Tuesday, November 24, 2009

Beat the Reaper is Hilarious, Profane, Graphic, and Occasionally Poetic

So, I finished reading Josh Bazell's debut novel, Beat the Reaper. I know, everyone else read this back in January or whenever. It was a bestseller, but somehow I missed it. Then, at Bouchercon, authors on several panels raved about this book. I rushed right out and bought it, and added it to my to-be-read stack.

Aside from the cover blurbs, there are five pages of praise, excerpts of reviews, etc., in the front of the book. This alone is impressive, especially when you look at the names: Michael Connelly, Harlan Coben, Hallie Ephron and others, along with virtually every newspaper and magazine that still reviews books.

The premise of the book (if you've been on a desert island all year, or, like me, were spending your days in an alternate reality), is this: Dr. Peter Brown is an intern at a nightmare of a hospital in Manhattan. Dr. Brown is also in the Witness Protection Program, his previous occupation mob hit man. He stumbles on a terminally ill patient from his mob days, and spends most of the book trying to stay alive while still taking care of his patients.

Beat the Reaper is roughly half flashback to why and how Peter became involved with the mafia, and how he came to be in WITSEC.

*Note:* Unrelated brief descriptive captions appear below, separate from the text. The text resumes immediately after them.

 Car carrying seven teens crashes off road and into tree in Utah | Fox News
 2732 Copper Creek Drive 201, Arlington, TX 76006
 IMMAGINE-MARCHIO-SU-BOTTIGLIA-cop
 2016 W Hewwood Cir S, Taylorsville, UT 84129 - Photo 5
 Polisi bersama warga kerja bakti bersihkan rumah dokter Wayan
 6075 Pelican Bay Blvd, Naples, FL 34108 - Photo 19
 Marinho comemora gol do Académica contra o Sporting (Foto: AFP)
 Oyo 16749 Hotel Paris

It's a thoroughly entertaining read, and it lived up to all its best blurbs. My personal favorite is from The Journal of the American Medical Association: "Bazell's thriller is brutal and vulgar but at the same time hilarious and unflinching." Hmm... a group of doctors thinks it's unflinching.

Look, this book is not for hypochondriacs. In fact, I shouldn't have read it myself, as I am nothing if not a hypochondriac. I'll likely never go within a hundred yards of another hospital. May as well cancel my health insurance right now.

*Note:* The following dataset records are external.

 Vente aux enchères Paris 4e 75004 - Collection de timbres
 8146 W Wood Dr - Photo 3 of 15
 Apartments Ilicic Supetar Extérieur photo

I also would not recommend this book to my mother, or anyone else who has an aversion to that four-letter word that rhymes with duck. No, I am not a prude. I've been know to use that particular obscenity myself. (My mother never reads my blog.) In fact, it appears in my own internal monologue far more often than those close to me would ever imagine. But not every reader is comfortable with such generous use of the many variations on that particular word.

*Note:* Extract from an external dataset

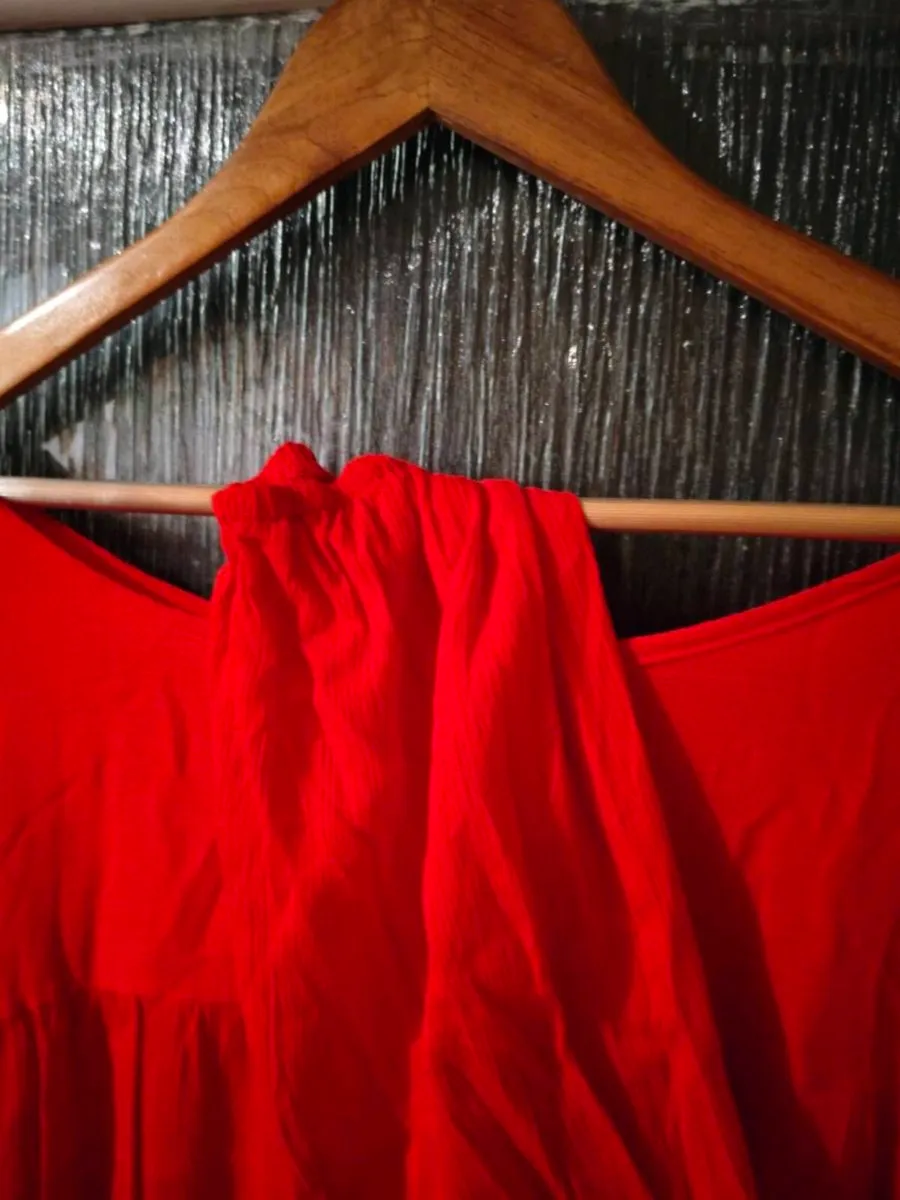 Ladies Red Longsleeve Cheesecloth top, new never w - Image 3
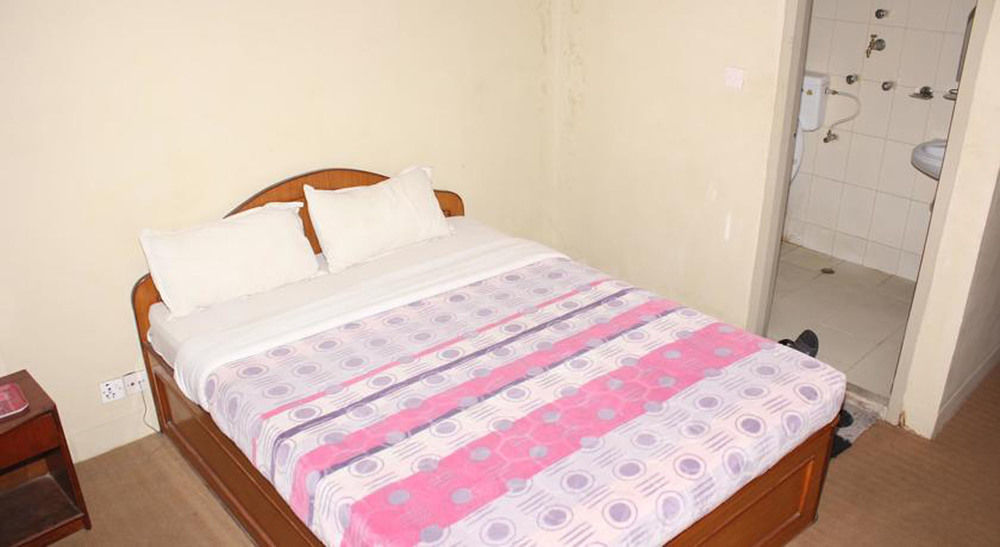 Hotel Jungle Sunset Camp Sauraha Exterior foto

I don't personally know any mobsters, but this language feels real, so it works for me. How are hit men supposed to talk?

Juxtaposed to the hilarity, the flashbacks of Peter's visit to the Holocaust camps in Poland are hauntingly dark, his childhood tragic. Bazell makes us empathize with his conflicted and complex killer, who only kills "killers whose deaths would improve the world."

Peter Brown is also a deep hit man. My favorite quote from the book is: "Ah, youth. It's like heroin you've smoked instead of snorted. Gone so fast you can't believe you still have to pay for it." Indeed.

I'll be first in line to buy the next Peter Brown book. But don't tell my mother. She'd no doubt worry for my soul.